Seul Alexandre Dumas, à l’article sauce de son Grand dictionnaire de cuisine se lance dans la description de 90 préparations différentes. Publié en 1873 chez Lemerre après sa mort, et constamment réédité, cet ouvrage est à la fois savoureux et d’une lecture exquise, en même temps qu’un témoignage savant, pittoresque et volontairement documenté sur la cuisine de son temps. Mais en ce domaine, la passion et le talent ne sont que rarement reconnus lorsqu’ils émanent d’un amateur, ce qu’était Dumas. Les cuisiniers de l’époque, successeurs de Carême, principaux bénéficiaires du prestige attaché à cette grande plume, se comportèrent à son égard comme des cuistres, relevant les imprécisions ou les invraisemblances de ses recettes, leur contestant même toute valeur culinaire. Dumas pensait naïvement au contraire, que ce dictionnaire serait « le vrai monument de sa renommée» et même, en 1858, « l’oreiller de sa vieillesse. » Cette somme sans équivalent reste l’un des ouvrages clés pour la compréhension de l’évolution de la cuisine tout au long du XIXe siècle, même dans ses aspects anecdotiques, comme l’évocation de la « marmite éternelle » dans laquelle viandes et bouillons remplacés à la demande mijotent nuit et jour, ou dans le panégyrique du rôti et du braisage qui concentrent les sucs habituellement dilués par le bouilli ou encore dans la description des sauces, quintessence de la cuisine française de cette époque.

Attardons-nous un instant sur la sauce vinaigrette, selon Alexandre Dumas, qui illustre sinon l’originalité gastronomique, du moins les profondes qualités humaines de ce curieux et attachant personnage.
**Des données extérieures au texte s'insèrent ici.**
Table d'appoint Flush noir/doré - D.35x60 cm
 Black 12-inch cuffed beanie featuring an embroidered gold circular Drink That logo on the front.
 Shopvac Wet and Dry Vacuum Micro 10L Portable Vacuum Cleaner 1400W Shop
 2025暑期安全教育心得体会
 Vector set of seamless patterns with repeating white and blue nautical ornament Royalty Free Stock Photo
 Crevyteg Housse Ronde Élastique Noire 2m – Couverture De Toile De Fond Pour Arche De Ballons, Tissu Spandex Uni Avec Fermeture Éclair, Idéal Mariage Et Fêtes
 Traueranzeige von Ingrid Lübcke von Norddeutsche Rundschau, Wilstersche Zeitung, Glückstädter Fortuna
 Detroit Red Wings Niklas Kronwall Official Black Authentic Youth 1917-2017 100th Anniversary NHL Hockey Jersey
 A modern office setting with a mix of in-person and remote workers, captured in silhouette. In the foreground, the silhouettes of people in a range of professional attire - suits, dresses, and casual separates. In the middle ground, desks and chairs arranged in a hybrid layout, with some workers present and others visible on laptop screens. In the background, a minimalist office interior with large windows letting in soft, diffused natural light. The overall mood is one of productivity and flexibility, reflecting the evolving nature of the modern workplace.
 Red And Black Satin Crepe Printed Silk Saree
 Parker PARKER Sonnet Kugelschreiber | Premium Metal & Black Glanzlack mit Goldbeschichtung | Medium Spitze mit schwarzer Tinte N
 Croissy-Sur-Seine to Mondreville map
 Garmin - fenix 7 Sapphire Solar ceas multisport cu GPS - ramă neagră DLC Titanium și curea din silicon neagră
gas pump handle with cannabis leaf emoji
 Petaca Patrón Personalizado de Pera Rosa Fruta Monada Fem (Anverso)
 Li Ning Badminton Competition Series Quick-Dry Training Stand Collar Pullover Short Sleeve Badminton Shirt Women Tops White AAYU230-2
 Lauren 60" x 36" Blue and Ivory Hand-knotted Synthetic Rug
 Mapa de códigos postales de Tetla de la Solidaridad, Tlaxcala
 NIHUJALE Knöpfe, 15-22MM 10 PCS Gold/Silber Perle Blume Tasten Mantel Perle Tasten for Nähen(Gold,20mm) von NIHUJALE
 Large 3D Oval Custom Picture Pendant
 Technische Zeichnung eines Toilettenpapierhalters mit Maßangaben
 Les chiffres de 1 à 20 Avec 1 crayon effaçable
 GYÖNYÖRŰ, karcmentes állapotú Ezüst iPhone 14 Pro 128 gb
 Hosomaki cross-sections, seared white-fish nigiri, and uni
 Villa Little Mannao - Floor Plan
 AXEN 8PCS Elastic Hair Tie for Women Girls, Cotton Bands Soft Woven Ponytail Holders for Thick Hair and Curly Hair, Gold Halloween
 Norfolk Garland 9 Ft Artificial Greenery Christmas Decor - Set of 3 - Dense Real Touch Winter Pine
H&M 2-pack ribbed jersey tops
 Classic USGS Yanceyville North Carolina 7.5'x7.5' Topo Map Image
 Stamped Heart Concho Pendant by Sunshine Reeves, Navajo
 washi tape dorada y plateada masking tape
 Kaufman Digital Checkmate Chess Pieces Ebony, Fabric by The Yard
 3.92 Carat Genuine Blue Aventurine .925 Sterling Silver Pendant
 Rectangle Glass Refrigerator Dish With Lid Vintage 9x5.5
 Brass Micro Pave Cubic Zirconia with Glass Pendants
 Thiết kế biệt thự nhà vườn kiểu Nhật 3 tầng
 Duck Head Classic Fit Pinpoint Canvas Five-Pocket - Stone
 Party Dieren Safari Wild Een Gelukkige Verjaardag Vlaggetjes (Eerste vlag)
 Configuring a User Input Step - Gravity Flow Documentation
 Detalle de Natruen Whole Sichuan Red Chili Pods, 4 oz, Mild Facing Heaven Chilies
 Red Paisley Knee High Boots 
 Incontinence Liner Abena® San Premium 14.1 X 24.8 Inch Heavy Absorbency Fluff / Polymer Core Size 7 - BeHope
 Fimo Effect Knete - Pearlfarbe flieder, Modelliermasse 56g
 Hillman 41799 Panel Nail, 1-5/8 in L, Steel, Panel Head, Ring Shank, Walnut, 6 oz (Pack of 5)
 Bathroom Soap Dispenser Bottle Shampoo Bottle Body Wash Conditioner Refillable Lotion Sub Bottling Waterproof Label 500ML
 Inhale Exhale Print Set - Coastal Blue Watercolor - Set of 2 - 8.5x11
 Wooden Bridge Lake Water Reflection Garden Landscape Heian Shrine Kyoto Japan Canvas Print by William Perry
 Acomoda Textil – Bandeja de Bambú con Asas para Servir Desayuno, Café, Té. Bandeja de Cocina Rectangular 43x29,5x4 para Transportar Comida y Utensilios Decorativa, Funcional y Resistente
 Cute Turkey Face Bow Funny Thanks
Il entrait dans une rage folle lorsque l’on avait introduit dans la salade le vinaigre, le sel et le poivre, avant l’huile. Sa recette est parvenue jusqu’à nous : « Je place dans un saladier un jaune d’œuf dur par deux personnes. Je le broie dans l’huile pour en faire une pâte. A cette pâte j’ajoute du cerfeuil, du thym écrasé, des anchois pilés, des cornichons hachés et le blanc des œufs durs, également haché. Sel et poivre. Je délaye le tout avec un bon vinaigre, puis je mets la salade dans le saladier. A ce moment, j’appelle un domestique et lui dis de retourner la salade. Lorsqu’il a terminé, je laisse tomber de haut, une pincée de paprika. Il ne reste plus qu’à servir. » Cette recette, comme souvent, est un autoportrait. Dumas ne rechigne pas à la mise en œuvre, mais se réserve la tâche noble. En 1848, candidat aux élections, il se présenta d’ailleurs comme « ouvrier de la pensée. » Retourner la salade, en revanche, revenait à un exécutant.

Carême

Dumas ne prétendait évidemment pas rivaliser avec Antonin Carême, qui, quelques mois avant sa mort, en 1833, avait publié un dernier ouvrage, L’Art de la cuisine française au XIXe siècle, une somme culinaire en cinq volumes dans laquelle la préparation des sauces est décrite comme un art à part entière. Dans cet ouvrage, il classifiait les sauces pour mieux les utiliser et les adapter selon leur couleur et leur texture, qu’elles soient chaudes ou froides. Quatre sauces mères, ou grandes sauces, formaient la base de sa cuisine : l’espagnole, le velouté, l’allemande et la béchamel. Choisissant et dosant méticuleusement les ingrédients, il créa ce qu’il a appelé les « petites sauces », soit des apprêts savoureux épousant à la perfection la saveur dominante d’un plat. Il les présente ainsi dans son traité : « Ce qui constitue la succulence des petites sauces en général, c’est la précision avec laquelle nous marquons leur assaisonnement car si quelques aromates ou épiceries qui les composent se font trop sentir, aussitôt un palais exercé s’en aperçoit, et la science du cuisinier disparaît. »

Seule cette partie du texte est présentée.